** Information shown **
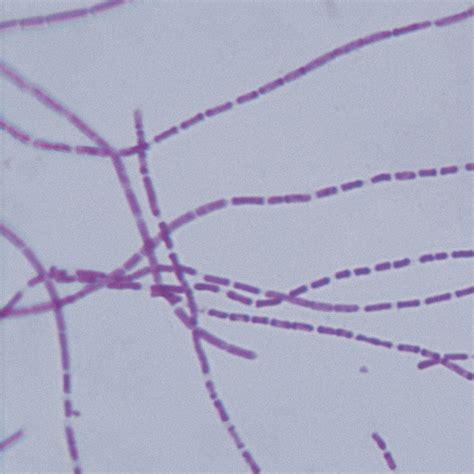 Bacillus anthracis Microscope Slides | Carolina Biological Supply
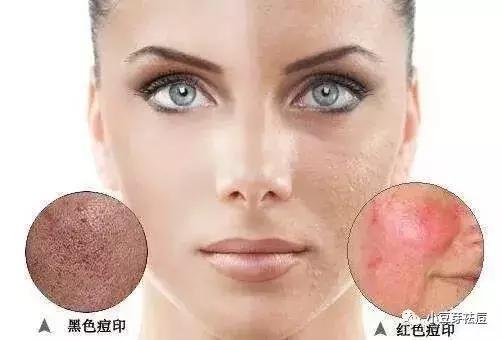 脸上红色痘印发炎怎么办?小豆芽老师教你去除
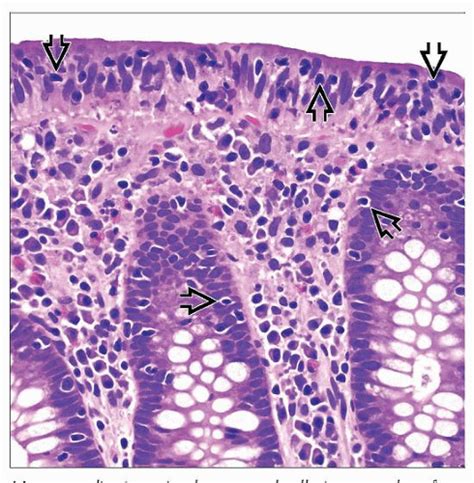 Lymphocytic Colitis | Basicmedical Key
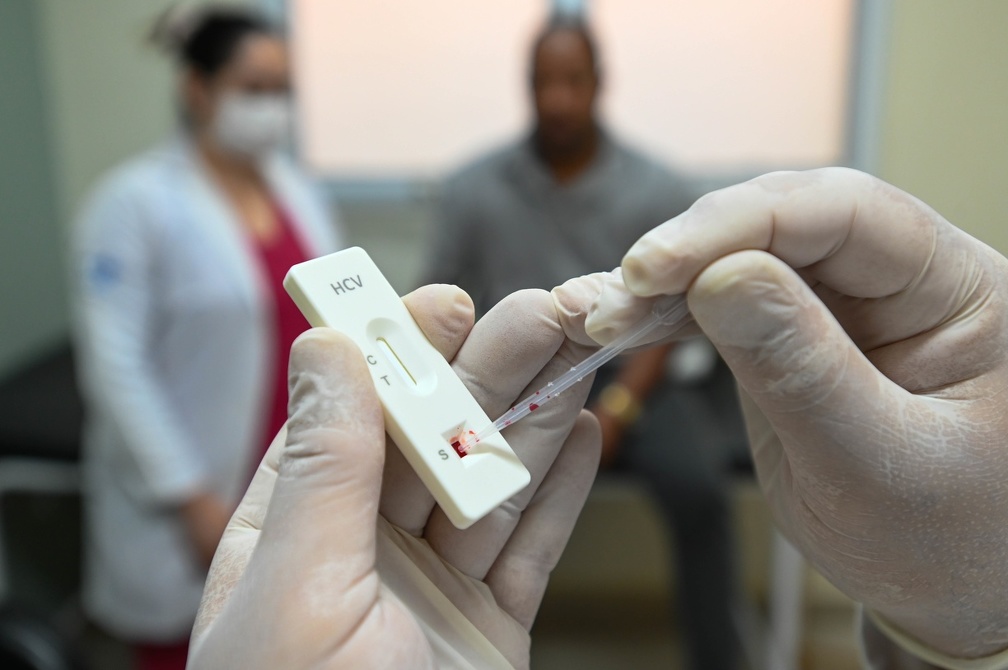 Campinas acende alerta para hepatites B e C no Julho Amarelo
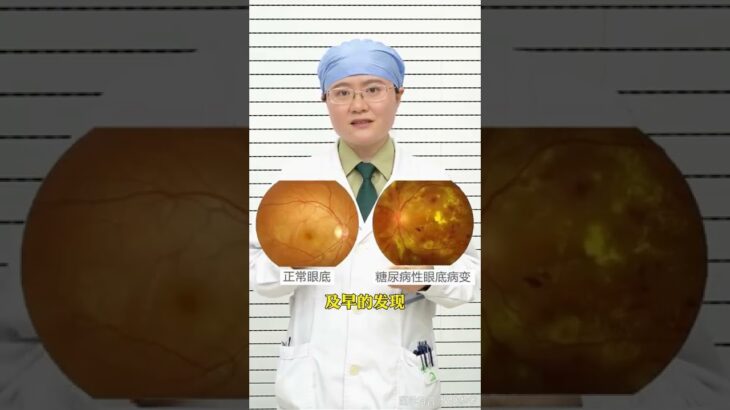 糖尿病视网膜病变应该怎样治疗？.mp4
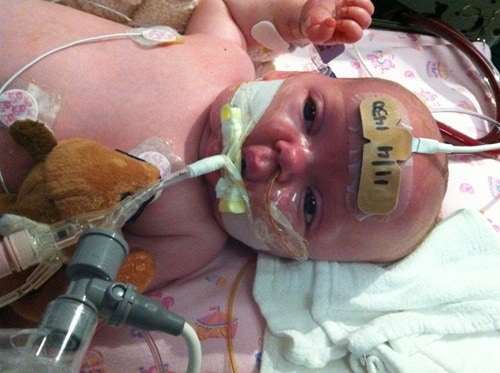 Baby in a hospital bed with tubes in their head, mouth, and nose.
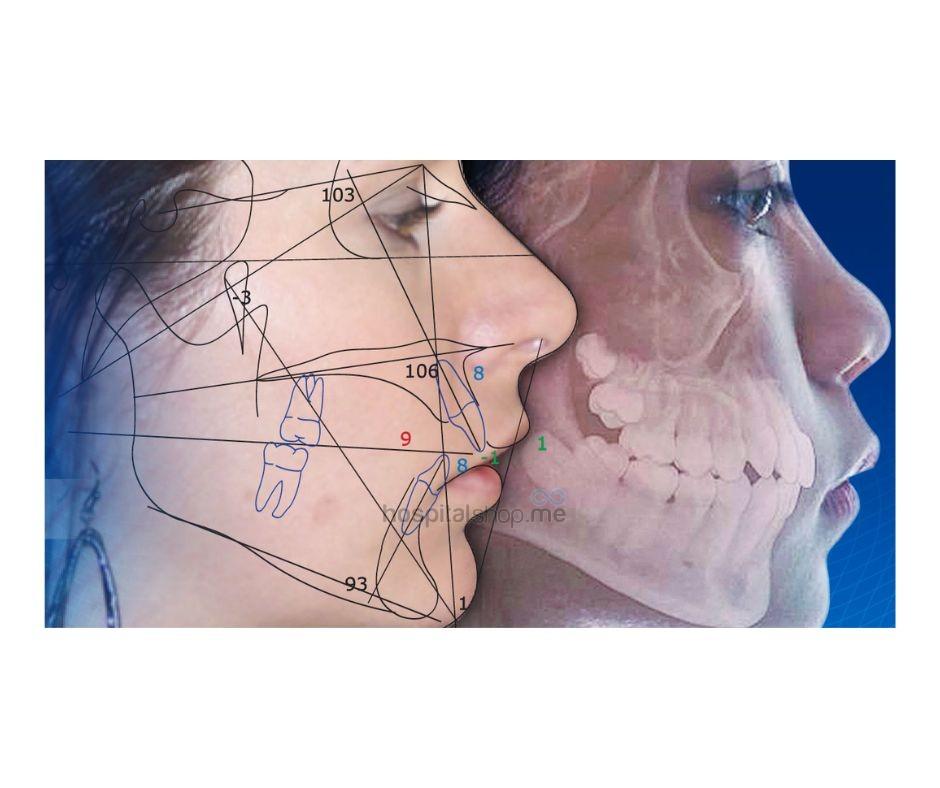Dolphin Imaging Plus Dental Software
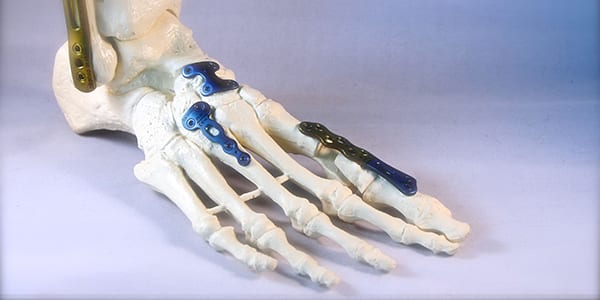 Osteosynthesen, <br>Endoprothesen & Anker Osteosynthesen, <br>Endoprothesen & Anker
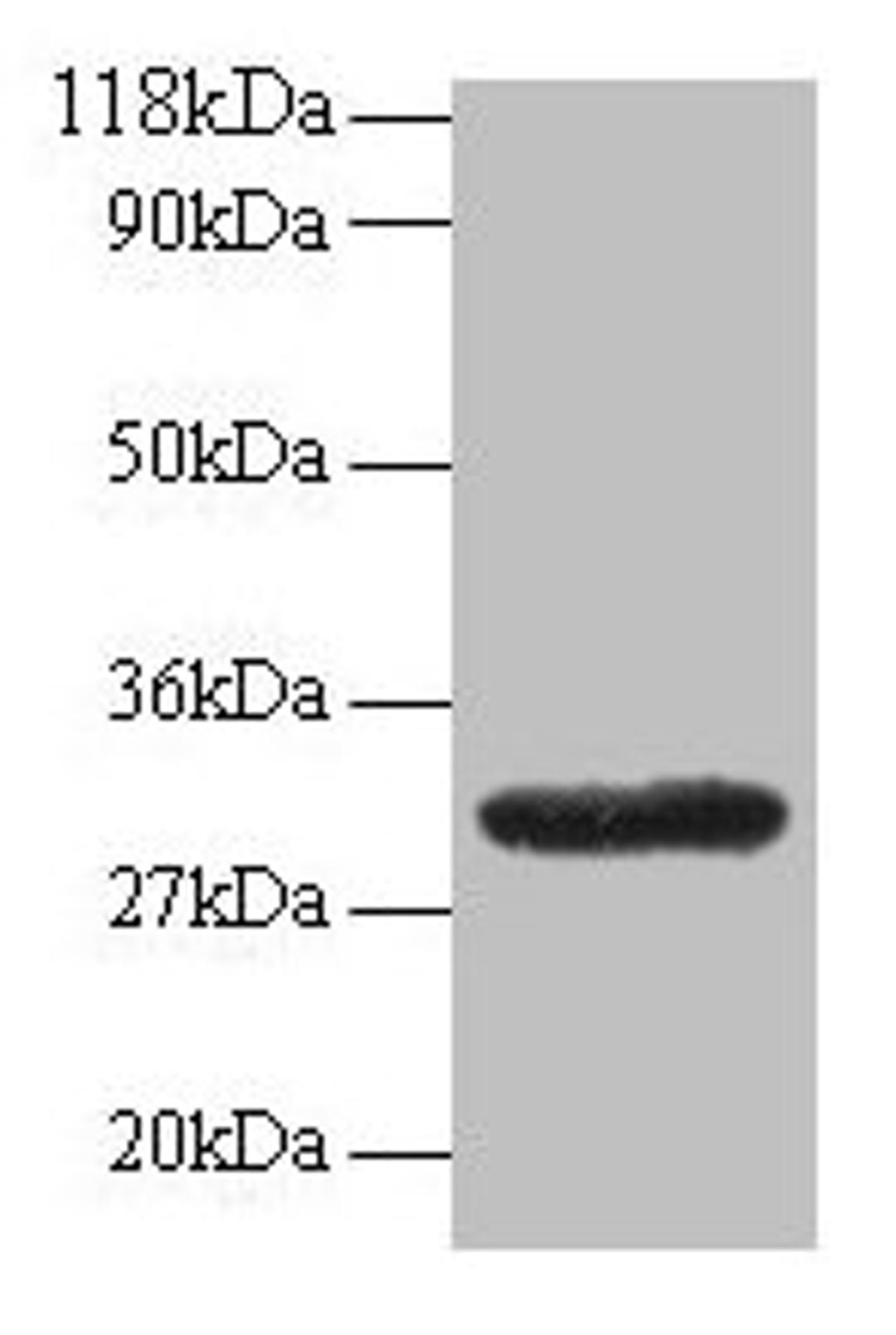Western blot. All lanes: GPR161 antibody at 2µg/ml + EC109 whole cell lysate. Secondary. Goat polyclonal to rabbit IgG at 1/15000 dilution. Predicted band size: 59, 46, 44, 50, 47, 61 kDa. Observed band size: 30 kDa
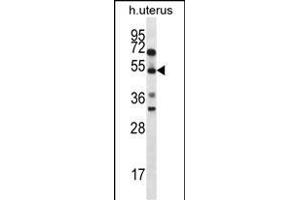 ABRA Antibody (C-term) (ABIN656755 and ABIN2845977) western blot analysis in human normal Uterus tissue lysates (35 μg/lane). (ABRA Antikörper  (C-Term))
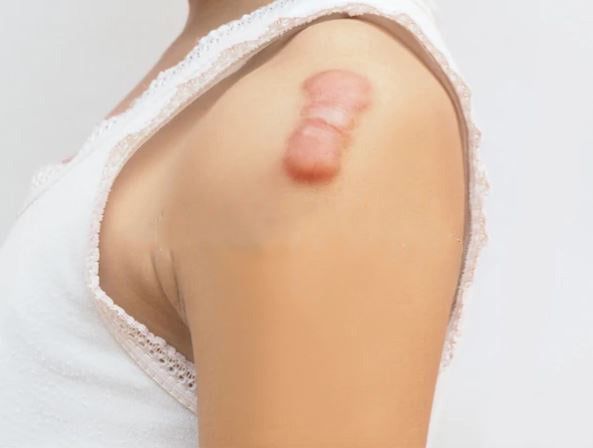 Keloid Treatment: Modern Solutions for Managing Tough Scars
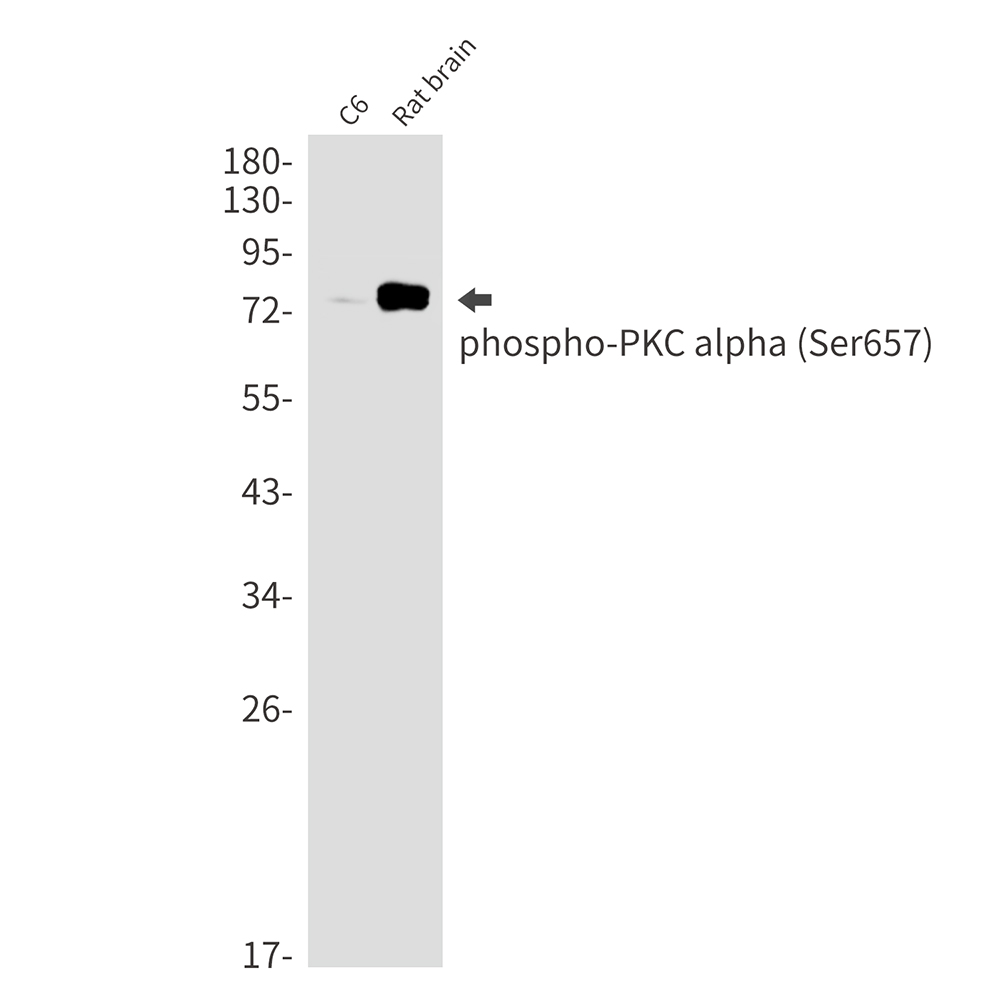2 - [KD]Phospho-PKC alpha (Ser657) Rabbit mAb AP76355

** Problem requirements **
Would you give again exactly the lines from the line containing "脸上红色痘印发炎怎么办?小豆芽老师教你去除" through the end of the listing, both ends included, without any pictures?

** Answer area **
 脸上红色痘印发炎怎么办?小豆芽老师教你去除
 Lymphocytic Colitis | Basicmedical Key
 Campinas acende alerta para hepatites B e C no Julho Amarelo
 糖尿病视网膜病变应该怎样治疗？.mp4
 Baby in a hospital bed with tubes in their head, mouth, and nose.
Dolphin Imaging Plus Dental Software
 Osteosynthesen, <br>Endoprothesen & Anker Osteosynthesen, <br>Endoprothesen & Anker
Western blot. All lanes: GPR161 antibody at 2µg/ml + EC109 whole cell lysate. Secondary. Goat polyclonal to rabbit IgG at 1/15000 dilution. Predicted band size: 59, 46, 44, 50, 47, 61 kDa. Observed band size: 30 kDa
 ABRA Antibody (C-term) (ABIN656755 and ABIN2845977) western blot analysis in human normal Uterus tissue lysates (35 μg/lane). (ABRA Antikörper  (C-Term))
 Keloid Treatment: Modern Solutions for Managing Tough Scars
2 - [KD]Phospho-PKC alpha (Ser657) Rabbit mAb AP76355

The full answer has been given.